## Problem to work on
Starting at the line that contains "70''H x 23.6''W" and stopping at the line that contains "Karrin Fit and Flare Dress Nude | Selfie Leslie Karrin", transcribe every line of the material below exactly; pictures stay out.

## Supplied records
+++

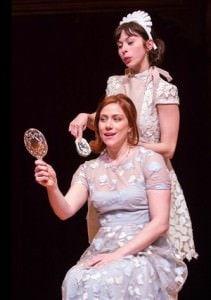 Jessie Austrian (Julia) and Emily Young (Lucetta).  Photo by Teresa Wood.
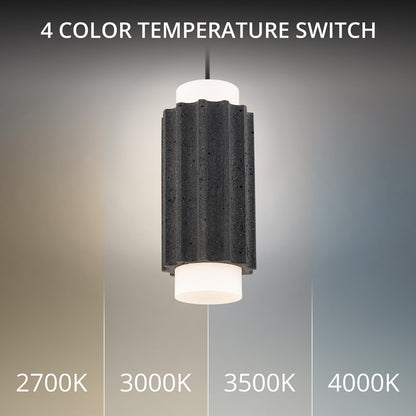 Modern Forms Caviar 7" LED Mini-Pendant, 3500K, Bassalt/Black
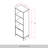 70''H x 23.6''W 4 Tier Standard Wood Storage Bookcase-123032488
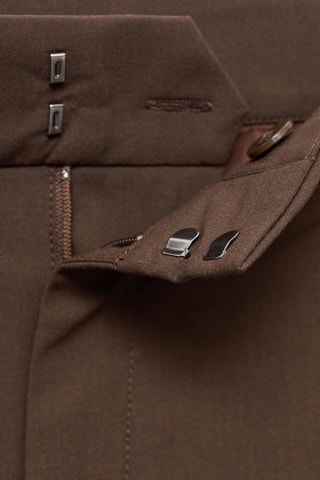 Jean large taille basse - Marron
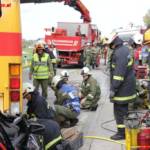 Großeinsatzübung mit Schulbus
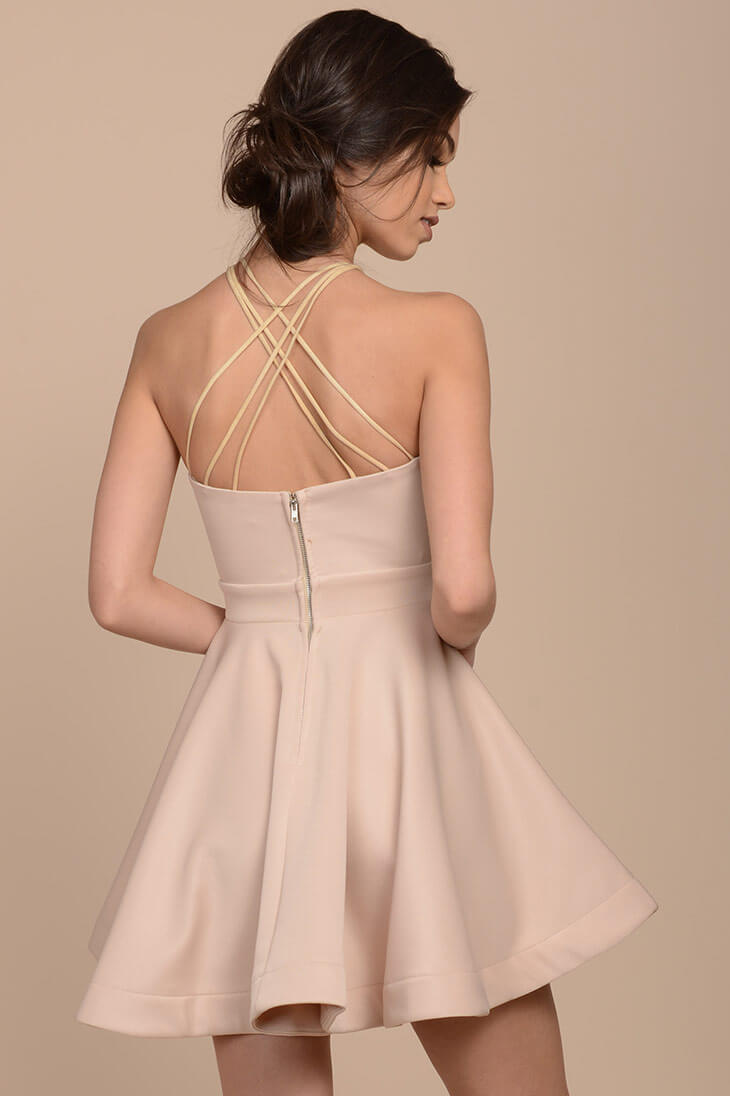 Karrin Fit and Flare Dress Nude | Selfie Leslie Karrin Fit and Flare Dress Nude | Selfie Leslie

+++

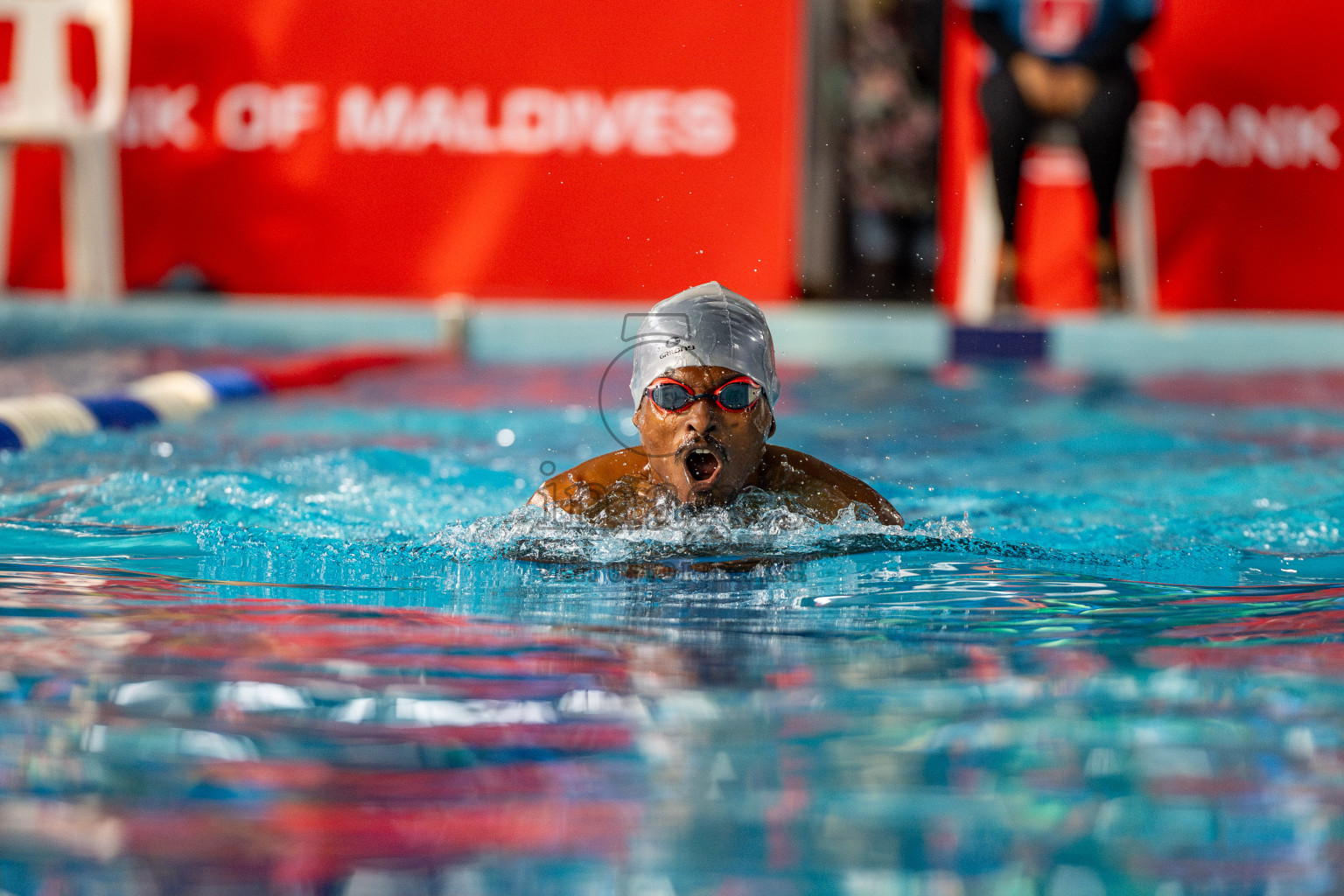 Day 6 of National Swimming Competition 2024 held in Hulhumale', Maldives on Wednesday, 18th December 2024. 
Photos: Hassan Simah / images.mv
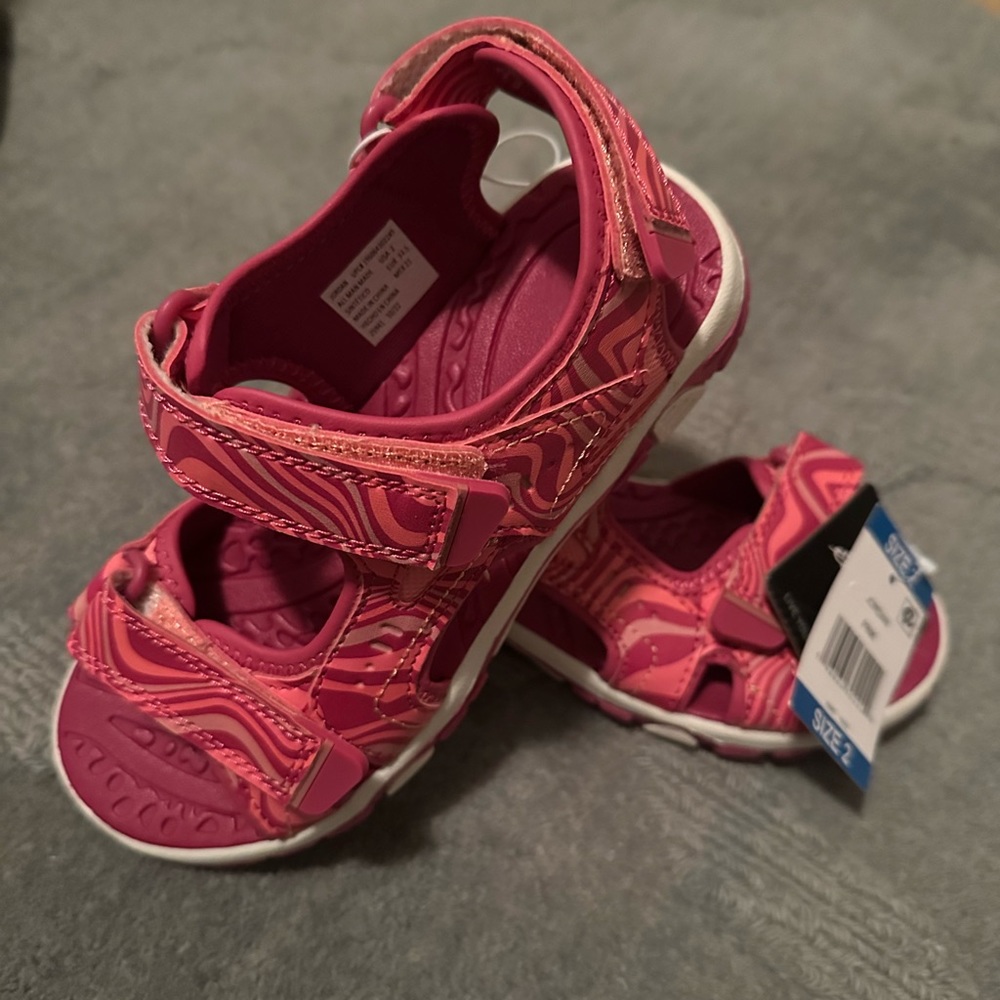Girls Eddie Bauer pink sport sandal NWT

+++

## Written response
 70''H x 23.6''W 4 Tier Standard Wood Storage Bookcase-123032488
 Jean large taille basse - Marron
 Großeinsatzübung mit Schulbus
 Karrin Fit and Flare Dress Nude | Selfie Leslie Karrin Fit and Flare Dress Nude | Selfie Leslie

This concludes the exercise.